All in all, McGrath concludes that the initial transference of a Hebrew concept, to a Greek concept, to a Latin concept, led to a fundamental alteration in the concepts of justification and righteousness as the gospel spread from Palestine to the Western world (p. 15). Unfortunately, McGrath’s linguistic analysis and conclusion appear to read into history what his theology dictates. 

Despite the anomalies that always occur in translating a word from one language to another, it is a matter of certain faith that inspired Scripture, which translates Hebrew text into Greek text, cannot err, and does not envision the problem McGrath proposes. First, without reservation, the New Testament authors use the dikaioo cognates to translate the Hebrew and Septuagint cognates. These translations occur in many non-justification contexts (i.e., “non-imputation” contexts). 
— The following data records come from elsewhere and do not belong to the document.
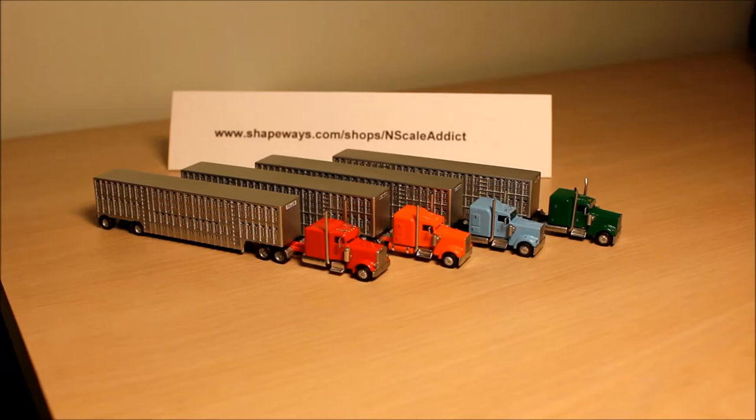If you've ever been looking at your N-Scale feedlot, at your N-Scale fat cattle and wondered how you're going to get them to market, well I've got a model here for you. This is a 53-foot Wilson spread axle livestock trailer, and I've also designed the horsepower to go with them — a 379 Pete in red, and the other three are all Kenworth 900s.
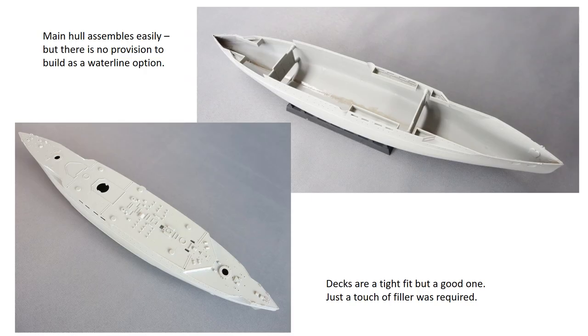The first job is to complete the hull and main decks. Hull halves are clean mouldings and go together well, although there's no provision for a waterline option if that's what you want. The two-piece main deck and quarter deck are fitted next — a tight fit but okay, with only a tiny bit of filling required. The bilge keels fit well but need careful positioning to get the correct run along the length of the hull, though there are raised guidelines to help with this.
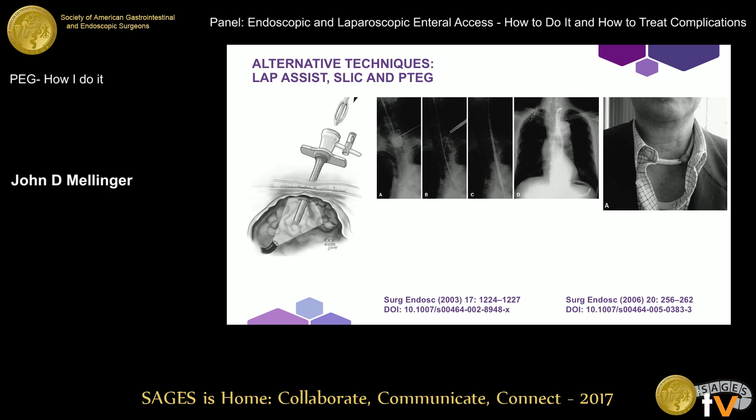Just a couple of additional techniques Jeff alluded to: the history of therapeutic endoscopy shows that surgeons have often been the ones to come up with creative problem-solving ideas. The technique that BPAN, Jeff, and colleagues at the clinic described uses a radially expanding trocar for an introducer-type technique. There is also percutaneous transesophageal gastrostomy, described by Japanese colleagues, using an intraluminal esophageal tube that's puncturable to direct a wire down through a cervical approach into the stomach, placing a tube that can be hidden underneath the patient's collar. I raise these as alternative strategies for special or complicated situations to have in your armamentarium.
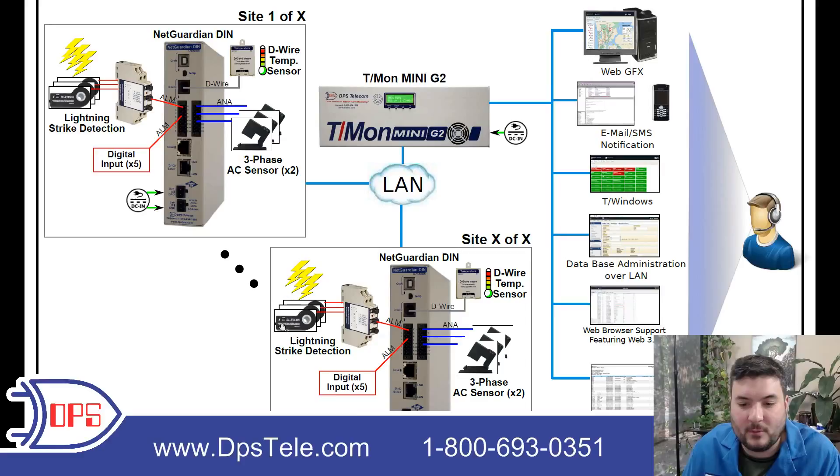All of those NetGuardians are being polled by a T-mon Mini master. They support SNMP, so if you have an SNMP manager you can use that. Our T-mon is great at collecting information from our remotes as well as a lot of legacy equipment, so if you need ultimate compatibility, T-mon is a good option. In this case it was a new application and they had NetGuardians, so they went with our T-mon Mini G2. The T-mon Mini monitors natively up to 16 sites with expansion modules available. The T-mon Slim does 64 sites, and the T-mon LNX can support thousands. There's no ongoing license — you purchase the device once and have a master you can use forever.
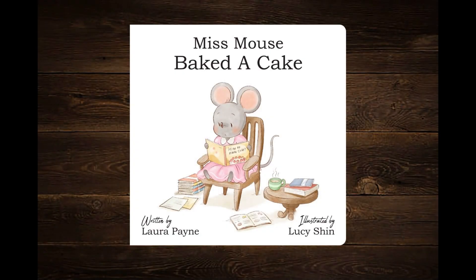Miss Mouse Baked a Cake, written by Laura Payne, illustrated by Lucy Shun.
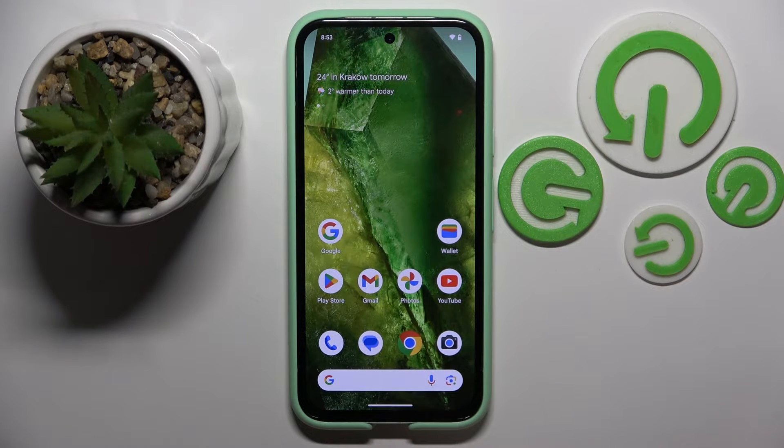Hello, in this video I will show you how to enable Google Assistant to work on lock screen on Google Pixel 8a.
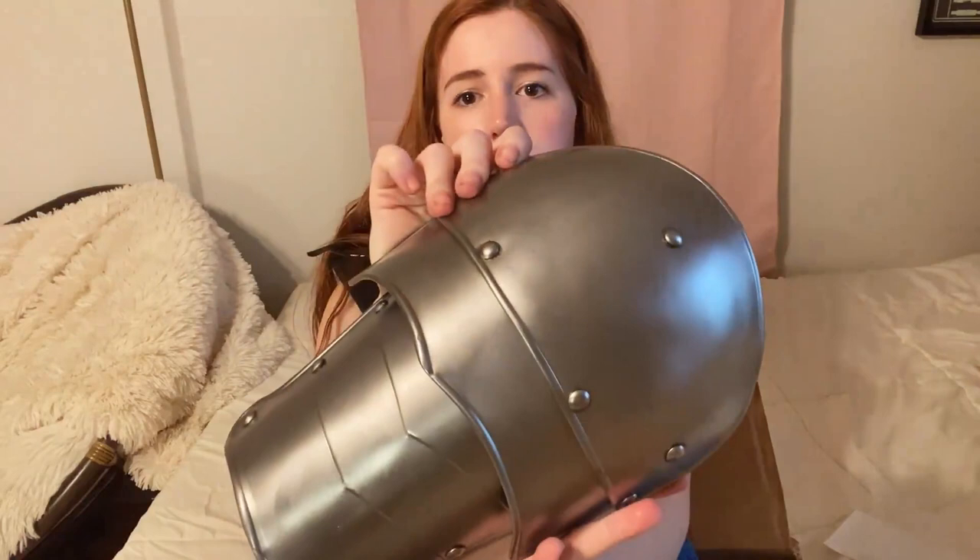How do I attach these? Most things I've seen have a loop and then a strap to hook onto the loop, but these both have straps. It's almost like I make a loop with one and— this is still the Markward spalders by Mythalon, in case you want to know. I just want to make sure you can see the juicy, yummy disgustingness — which I have now cleaned.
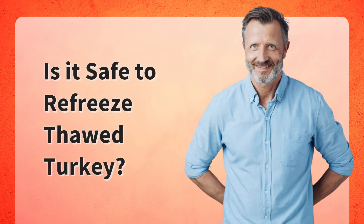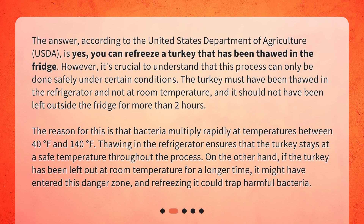Is it safe to refreeze thawed turkey? The answer, according to the United States Department of Agriculture (USDA), is yes — you can refreeze a turkey that has been thawed in the fridge. However, it's crucial to understand that this process can only be done safely under certain conditions. The turkey must have been thawed in the refrigerator and not at room temperature, and it should not have been left outside the fridge for more than two hours.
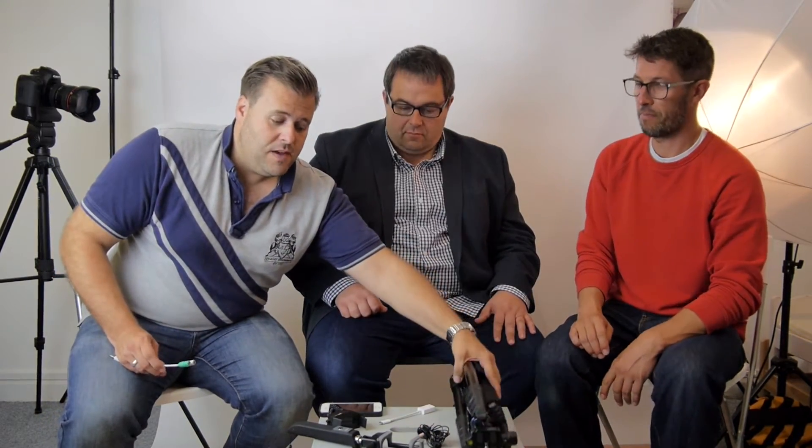So to recap: tripod around 25 pounds, phone bracket a fiver — that's 35. Microphone, a tenner — 45. The Lightning adapter is free from Apple unless you've thrown it away. The TRS to TRRS adapter is three or four quid, plus another fiver for the selfie stick. That is your complete kit for under 100 pounds. Now let's move on to the next video to look at how to actually film.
For example, in 2 Cor. 9:9 Paul cites a quotation from Psalm 112:9 and uses the Greek dikaiosune to translate the Hebrew feminine noun tsadaqah (which the LXX also translates as dikaiosune). The context of 2 Cor. 9:9-10 concerns liberal giving, both of God and men, to those in need. 
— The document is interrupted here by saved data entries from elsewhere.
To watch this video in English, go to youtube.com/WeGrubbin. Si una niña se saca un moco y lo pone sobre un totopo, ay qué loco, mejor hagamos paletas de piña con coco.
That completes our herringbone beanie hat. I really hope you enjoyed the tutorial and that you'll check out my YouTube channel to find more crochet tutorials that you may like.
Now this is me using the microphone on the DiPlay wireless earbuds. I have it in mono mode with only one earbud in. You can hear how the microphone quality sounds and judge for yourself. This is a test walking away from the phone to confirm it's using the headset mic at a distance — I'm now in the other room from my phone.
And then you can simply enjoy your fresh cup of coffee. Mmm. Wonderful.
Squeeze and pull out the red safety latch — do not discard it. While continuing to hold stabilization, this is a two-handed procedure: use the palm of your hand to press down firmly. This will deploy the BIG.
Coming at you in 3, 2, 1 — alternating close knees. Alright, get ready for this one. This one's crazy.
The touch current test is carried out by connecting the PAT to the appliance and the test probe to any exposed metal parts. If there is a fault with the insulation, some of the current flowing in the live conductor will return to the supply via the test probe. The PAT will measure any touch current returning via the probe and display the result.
Thus, contrary to McGrath’s thesis, dikaiosune is understood as that which is inherent within both God and man due to the good they have done. Similarly, Hebrews 1:9 uses dikaiosune to translate the Hebrew male noun tsadaq in Psalm 45:7 (of which the LXX uses dikaiosune) and speaks of the inherent righteousness of Christ. (The relevance of the LXX may be even more significant here since Hebrews 1:6 is quoted by Paul directly from the LXX).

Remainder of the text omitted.